Другим партнером, с которым выступала она, был молодой Юрьев, Юрочка, как его называли в труппе. Склонность актера к картинности, «классическая» манера его игры, часто выглядевшая неестественной и старомодной, тяга к величественным образам — все это тоже мало совпадало с «жанром» Комиссаржевской. И вот в театре появился Ходотов. Мягкий, искренний, доступный и открытый всем, он был душой любой компании, вносил в нее атмосферу беспечности и дружелюбия. Он играл на гитаре, с «надрывом» пел цыганские романсы, бывало, вместе с Комиссаржевской. Его лирическая, «вибрирующая» душа была близка ей.

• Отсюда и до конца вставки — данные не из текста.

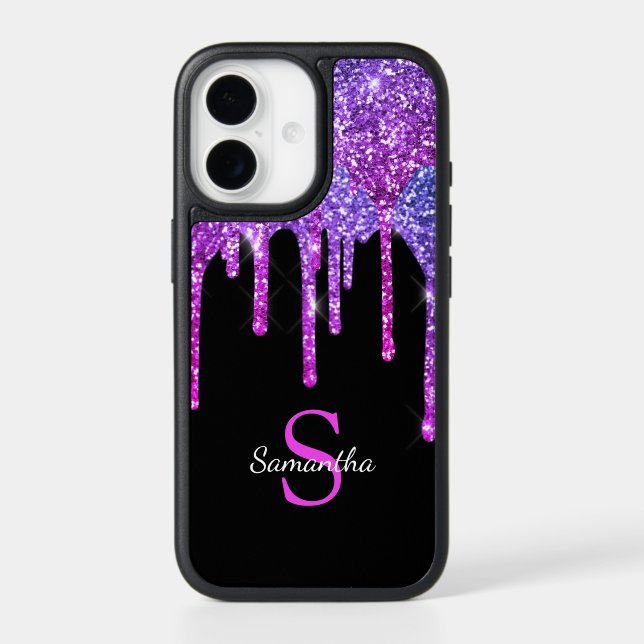Pink Purple Glitter Drips Sparkle Monogram Name Otterbox iPhone Case (Back)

Они вместе играли в "Волшебной сказке" И. Н. Потапенко. Комиссаржевская в роли Наташи, специально для нее написанной, отстаивала близкую ей тему. Защита гибнущей молодости, права на счастье обогатила вполне заурядную роль. Героиня пьесы, встретив блестящего графа, уходила с ним из своего нищего дома, Но "волшебная сказка" скоро обернулась унижением и страданием оскорбленной женщины. Комиссаржевская пела романс на слова Н. А. Некрасова "Душно! Без счастья и воли ночь бесконечно длинна", который следовал после монолога в третьем действии и завершался нервной истерикой героини. Ходотов всю жизнь помнил исполнение Комиссаржевской этого романса. Все участники спектакля восторгались игрой актрисы. Сама она никак не ожидала выпавшего на ее долю триумфа в этой роли. Когда она прочитала "Волшебную сказку", то ей показалось, что она "не будет иметь успеха как пьеса, это во-первых, а кроме того {…} нельзя сыграть хорошо роль, где так часто себя узнаешь. С тон только минуты начинаешь хорошо играть, когда отрешаешься от себя и вскочишь в изображаемое лицо, а себя есть ли охота подавать" [2]. Может быть, "подавать себя" актрисе и не хотелось, но, внося в изображаемые лица опыт своей жизни, она добивалась наибольших успехов. В роли Наташи отозвались трагические события юности Комиссаржевской. Прошло больше десяти лет с тех пор, как она испытала горечь унижения в браке с графом В. Л. Муравьевым. После разрыва Комиссаржевскую постиг тяжелый психический недуг. Рана, нанесенная ей тогда, оставила след на всю жизнь.